Get creative with the kids and try out these tasty festive recipes
Combine one cup of good cheer, three cups generosity, a pinch of magic and sprinkle liberally with excited children, and you’ve got the recipe for the best festive season ever.
But if you’re all about baking up some treats you can actually get your teeth into, then gather the little ones for our pick of the best festive family recipes.
If the spirit of the season doesn’t have you feeling festive, then the smell of baking these treats certainly will.
Festive bread in a bag
Director of operations at children’s edutainment zone Little World, Jennifer Hogan, loves this recipe – it’s quick, mess-free and includes a science element as young bakers learn how yeast works.
- 3 cups all purpose flour, divided
- 3 tablespoons white sugar
- 2¼ teaspoons rapid rise yeast
- 1 cup warm water
- 3 tablespoons olive oil or vegetable oil
- 1½ teaspoons salt
- Festive flavours – try cinnamon, mixed spices and dried fruit
- In a resealable plastic bag, place 1 cup of flour, the sugar and yeast and add in warm water.
- Squeeze air out of the bag and seal, then squish until well mixed.
- Let it rest for 10 minutes at room temperature until bubbles form.
- Add 1 cup of flour, the oil and salt into the bag, then seal and squish again.
- Add last cup of flour, festive flavours of choice and squish until blended.
- Remove dough from bag and put onto a lightly floured surface. Knead for 5 to 10 minutes, or until smooth.
- Divide dough in half and place each half into a greased mini loaf pan.
- Cover with a towel and allow to rise for about 30 minutes.
- Bake in the oven at 190 degrees for 25 to 30 minutes or until bread is golden brown.
Spiced gingerbread men
This classic comes recommended by Prakash Maduri, senior pastry chef at Marriott Downtown Abu Dhabi. Little ones can have even more fun decorating their gingerbread men after the grown-ups do the cooking.
- 100g honey
- 200g caster sugar
- 32g unsalted butter, melted
- 1 large egg
- 200g plain flour
- 200g rye flour
- 5 teaspoons gingerbread
- 2 ½ teaspoons cinnamon
- 1 teaspoon nutmeg
- 2 ½ teaspoons baking soda
- ¼ teaspoon baking powder
- Decorations: icing sugar, gum drops, sprinkles
- The day before, boil honey and sugar until the sugar dissolves. Leave overnight.

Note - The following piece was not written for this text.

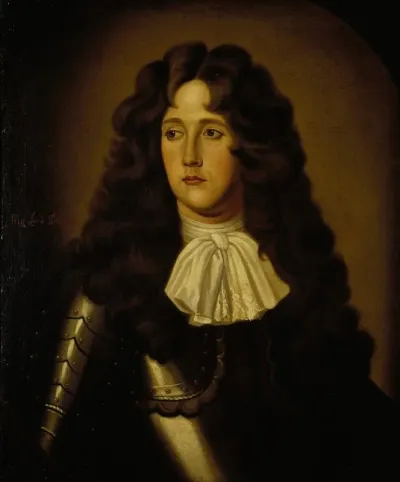 John Graham Of Claverhouse Viscount Dundee About 1649 1689 Jacobite Leader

- In a large mixing bowl, combine all the dry ingredients.
- Stir in the egg, melted butter and honey mixture to make a dough. Let it rest for 2 to 3 hours.

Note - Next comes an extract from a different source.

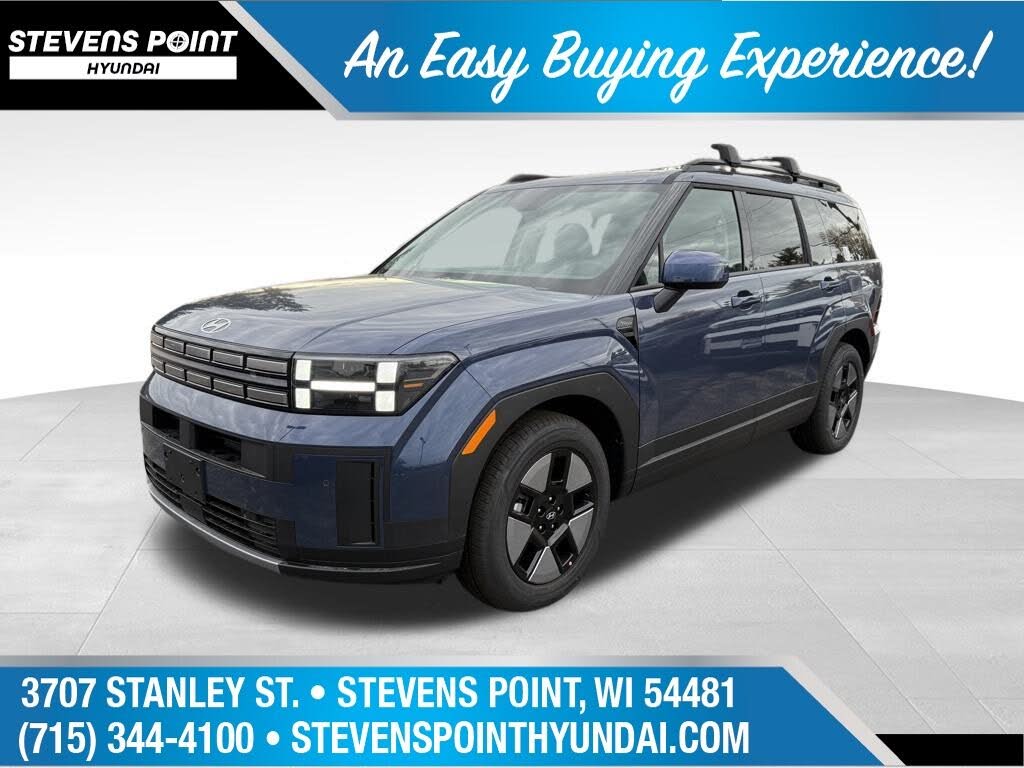 2026 Hyundai Santa Fe Hybrid SEL AWD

- On a lightly floured surface, roll the dough out quite thinly, and cut using a gingerbread man cookie cutter.
- Place on a greased tray and bake at 160oC for 12 to 14 minutes.
- Ice and decorate when cool.
These cute chocolatey creations from chef and BBC food stylist Mari Williams are sure to be a hit with Santa.
- 125g butter, softened
- 175g caster sugar
- 2 eggs
- 200g self-raising flour
- 2 tablespoons cocoa powder
- 100mL milk
- 100g dark chocolate, melted
- 50g dark chocolate, chopped
- 3 tablespoons double cream
- Decorations: giant chocolate buttons, red M&Ms, mini pretzels, black icing pen and mini marshmallows, sliced
- Beat the butter and sugar together until creamy. Gradually beat in eggs, then sift in flour and cocoa powder and mix until combined.

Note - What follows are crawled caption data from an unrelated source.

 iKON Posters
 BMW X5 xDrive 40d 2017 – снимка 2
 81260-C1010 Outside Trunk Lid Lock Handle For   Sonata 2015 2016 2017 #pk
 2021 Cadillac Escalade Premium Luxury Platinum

- Fold in the milk and melted chocolate, and spoon into muffin cases.
- Bake at 170oC for 20 to 25 minutes or until well risen, then leave to cool.
- For the icing, heat the chocolate and cream in a saucepan over a low heat until the chocolate has melted. Whisk the mixture until smooth and set aside to cool.
- Spread the icing over the top of the cupcakes.
- Press a chocolate button onto the cake as a nose, then stick a red M&M on top using a little icing. Stick on two slices of marshmallows as the eyes, and use the black writing icing for the pupils. Stick on the pretzels as the ears.